The feeder ramp coming off US-46 was an abortion from the moment of its design. You came off US-46 from the right only to find yourself in the left half of the ramp, merging with exiting traffic from I-80 on the right, then dancing around vehicles bound for NJState Route-23. There were two lanes of traffic routed for westbound I-80, which then merged into one, before pouring onto the “super highway.” I passed through all this in about 4 seconds, glancing over my left shoulder as I signaled to enter the interstate, now on my left.
My dad taught me to drive when I was 16-years-old. He had all the patience of a B-17 check pilot on a bombing run over Dresden. A chief officer on the Jersey City Fire Department, he insisted you did things his way.
“After confirming you can enter the roadway, make sure you are going the same speed or faster than the traffic on the highway,” said my dad. “The last thing you want to do is cause a line of cars, or worse, trucks, to slam on their brakes to avoid hitting you. You can slow down when you’re in a safe position.”
“Thanks for the advice, Pop,” I muttered into my helmet. Actually, I muttered it into the wind. The helmet was an open-faced, minimal protection brain-bucket. My eyes were wrapped in a pair of yellow-tinted ski-goggles.
Then I twisted the throttle an inch.
The motorcycle was a 1975 Kawasaki H2 that I have written about before. I have described this machine as one of the most primitive motorcycles ever built, and I wasn’t lying. But in 1975, it’s sole disk brake in the front was much better than most of the drum bakes that were still quite common then; and its three cylinder, two stroke motor always started easily (unless the plugs were fouled), and nearly all of the bike’s muscle was on the high-end of the tach.

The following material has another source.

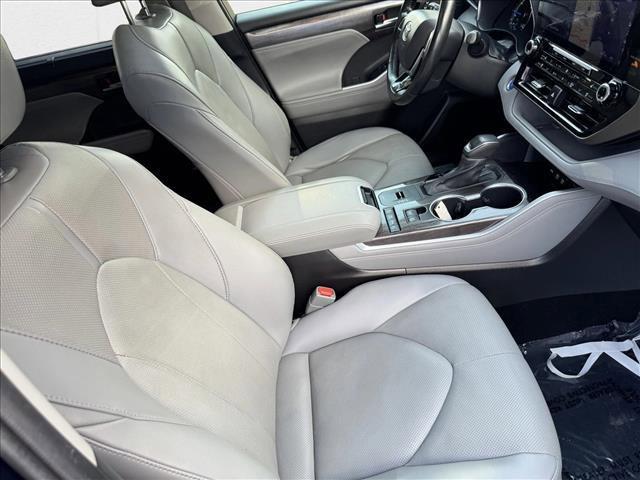 used 2021 Toyota Highlander Hybrid car, priced at $33,398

The bike responded to twisting the throttle like a lynx might have reacted to getting its tail pulled. It surged forward with a growl from its mechanical soul... (That’s bullshit. Each cylinder in that Kawasaki’s three-cylinder motor hated the other two. There was a sudden lurch of forward motion as gasoline and oil exploded in a free-for-all eruption of power, six inches beneath the gas tank. The bike had its own peculiar sound, which I have described as a lawnmower that got kicked in the balls. That’s not really true either. It sounded more like a large outboard motor running in a lake of air.)
I merged onto I-80 and held the throttle open in a very loose interpretation of my dad’s instructions. The speedo read 88mph and continued to climb. I glanced into the mirror on the left to see if I was leaving a smoke screen. The image in the left mirror was that of blurred traffic behind me, getting smaller as the convex mirror got farther away. If the engine was smoking (which it did at any sudden influx of throttle), it had already stopped. (It seldom smoked when really hot.)

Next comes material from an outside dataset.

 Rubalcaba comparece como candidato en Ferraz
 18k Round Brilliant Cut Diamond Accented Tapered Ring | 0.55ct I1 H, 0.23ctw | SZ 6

The front wheel felt light at 98mph, and I crouched closer to the gas tank to get more of my upper body out of the wind. I was now moving faster than I had ever pushed a vehicle before, and realized I still had a half inch to go on the throttle.
“This is why we’re here today,” I said to myself, twisting the right grip to the stop.
The speedo was now reading 104mph and continued to climb, but with less drama. I was entering a gentle curve, just before Parsippany, yet the front wheel still felt quashy. I hit the front brake with a light touch to see if I could settle a bit on the forks, and nearly pissed myself with the shudder that ran through the machine. I had no problem negotiating the sweeper, but covered the entire width of the middle lane instead of staying in track.
I began backing down at 107mph — for several reasons.
There was no windshield on this bike and I found the wind hellish. It was whipping my jacket into a frenzy, and I found it pushing back against the edges of my open face helmet.
I got spooked by the lightness of the front wheel at this speed.
A fucking bumble bee the size of a softball hit me on the cheek and I thought I had been shot in the face.
I slowed to get off at the next exit, with the intent of getting coffee someplace on US-46 (which runs parallel to I-80 at that point), and a New Jersey State Trooper rocketed past me. “Fuck you, Bullwinkle,” I said to myself. The Kawasaki H2 ran best at 80-85 mph, when all three cylinders found themselves in agreement. There was still plenty of “ooomph” to pull away from the pack, and life was plenty exciting at that speed.
A speed of 107mph was very respectable performance for a stock motorcycle, 6 weeks out of the showroom in 1975. It would be nothing today. But I had nothing to compare it with in those years, except my friend’s Norton Commando. (And the Kawasaki had no problem puling away from the Norton.) At the risk of being judged a pussy at 18-years-old, I must confess to the gentle Twisted Roads reader that I did not push the H2 to that degree again.
Twenty-Nine Years Later.........................................
I was headed south to Maggie Valley, NC from West Chester, PA — for a great event called the BuRP Rally — and my ride was a 1986 BMW K75, with a rare Sprint Fairing. The K75 holds a special status among BMW-riding “K” bike enthusiasts for having the most trouble-free, bullet-proof, absolutely minimal vibration (none) motor in an overall visual package that can best be described as “uninspiring.”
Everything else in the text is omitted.